In 2014, Louie studied abroad consecutively in the Philippines and in Spain, and learned about colonialism and world history from both sides. The experience jarred and awakened something in her. Soon, she started telling her story through spoken word performances in the plaza of her university, then at culture shows, at classes, high schools, speaking competitions, festivals. In her university’s Filipino group, she has begun to open up spaces — in the form of bi-weekly workshops — that explore and educate others on topics ranging from colonial history to climate justice to Fil-Am privilege.

Louie is one of many emerging voices from this generation of Filipinos in the diaspora — the global children of migration — who are rising up to reclaim their cultural identities and carve a new space in the global conversation for the Philippines and the Filipino people.

This summer, 11 of these young leaders will be returning to the Philippines through the Kaya Collaborative Fellowship. Over 8 weeks this June to August, the Fellowship will connect them to internships with local Filipino social entrepreneurs and nonprofit leaders, a curriculum on social change across boundaries in the Philippines. The summer experience is the first part of a larger mission: to develop these young global Filipinos into leaders in driving resources, networks, and knowledge globally to accelerate the work of local leaders in the Philippines. This year's fellows are:

  • Aina Abell, University of Southern California, '17
  • Trixia Apiado, Georgetown University, '18
  • Frances Anne Aquino, Brown University, '16
  • Kristy Drutman, UC Berkeley, '17
  • Kathleen Guytingco, University of Michigan, '17
  • Melissa Joseph, Harvard College, '17
  • Jacqueline Ramos, Stanford University, '18
  • Dianara Rivera, Brown University, '18
  • Claudette Sambat, University of Washington, '17
  • Bianca Taberna, McGill University, '16
  • Louie Vital, University of Washington, '16



Members of the 2015 Kaya Co. Fellowship class.
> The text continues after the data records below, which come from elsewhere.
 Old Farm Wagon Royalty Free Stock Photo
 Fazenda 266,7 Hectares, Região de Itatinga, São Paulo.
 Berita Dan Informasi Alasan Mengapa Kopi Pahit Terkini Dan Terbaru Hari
“I’m not supposed to be back here, in a way,” said Anthony Garciano, a 2015 Kaya Co. Fellow, not long before his fellowship experience in Manila. “But through Kaya Co, I’ve found an avenue to connect my passion for the Filipino and our culture to support the Philippines.”
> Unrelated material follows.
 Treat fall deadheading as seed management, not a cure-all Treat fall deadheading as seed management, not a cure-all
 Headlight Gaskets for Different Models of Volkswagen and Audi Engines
As an undergraduate in the University of Southern California, Anthony was already working before the Fellowship to shift the culture of his Filipino student group towards deeper dialogue and effective action. Since being elected a Fellow, Anthony has gained even more momentum: in 2015, he helped transform the school’s annual Filipino culture show into a fundraiser for typhoon survivors, and he is now crafting a transnational mentorship program that engages young Fil-Am college students and high schoolers in the Philippines in dialogue with one another.

Sierra Jamir, another 2015 Kaya Co. Fellow, started her cultural leadership in high school, as the founder of her school’s Southeast Asian club and the first cultural blog for young Filipinos in New England. For her, the Fellowship opened up “a platform to do something big, to hopefully influence others here that there is something we can do despite the barriers that we often say hinders us.” Sierra now leads Kaya Co’s outreach in the US Northeast and is creating a new series of workshops in Cornell that focus on critical discussion of Filipino issues.

Stay tuned as we share the 2016 Fellowship class and their stories as they approach the summer, go on to experience the Fellowship, and begin to chart their paths as global partners to the Philippines. 

Together, the fellows will be learning about a new wave of leadership and innovation in the Philippines, about the different ways that local Filipinos have taken their future into their own hands. Together, they will unlock the roles that our global community of balikbayans can play.